Johansson, Hollywood’un tanınmış, popüler ve dişilikle pazarlanan yıldızı olunca ona gelen teklifler arttı. Pek çok kadın markası onun “seksiliğini” umarsızca reklamlarına taşıdı. Elbette her arz talebini yaratır. Herkesin keyif yerinde, yani yola devam, durmak yok! Bu kadar tatsız ve eleştirel yorumun ardından biraz da iyi yanlarına bakalım. Çünkü hakkını vermemek nankörlük.
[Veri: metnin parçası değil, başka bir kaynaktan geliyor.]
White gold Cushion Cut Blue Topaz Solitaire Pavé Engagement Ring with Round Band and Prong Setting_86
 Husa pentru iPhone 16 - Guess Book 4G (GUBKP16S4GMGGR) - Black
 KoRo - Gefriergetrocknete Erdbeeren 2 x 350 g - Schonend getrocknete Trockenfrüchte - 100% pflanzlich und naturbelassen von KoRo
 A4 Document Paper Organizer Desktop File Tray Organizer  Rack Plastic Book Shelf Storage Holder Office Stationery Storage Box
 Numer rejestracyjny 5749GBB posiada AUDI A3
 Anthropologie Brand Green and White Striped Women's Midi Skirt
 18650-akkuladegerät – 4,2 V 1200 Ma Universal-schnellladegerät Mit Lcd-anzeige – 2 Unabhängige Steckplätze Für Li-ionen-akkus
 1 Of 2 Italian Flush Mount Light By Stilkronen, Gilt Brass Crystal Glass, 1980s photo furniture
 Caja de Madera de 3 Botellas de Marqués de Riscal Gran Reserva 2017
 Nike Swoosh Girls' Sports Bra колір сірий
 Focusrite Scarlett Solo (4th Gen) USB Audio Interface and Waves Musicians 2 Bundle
Johansson’ın sesi yeni çalışmasında buğulu ve hafif kırık, belki biraz kadınsı. Caza da fena gitmiyor gibi. Üstünde ne kadar oynandı bilemiyoruz ama konserlerde ve canlı kayıtlarda her şey ortada olacak. İkili buna hazırlandığına göre güvenleri tam. Kim bilir belki de bizim organizatörler onlardaki cevheri fark edip yüksek bilet fiyatlarıyla onları izleme imkânı sunarlar bize. Neden olmasın?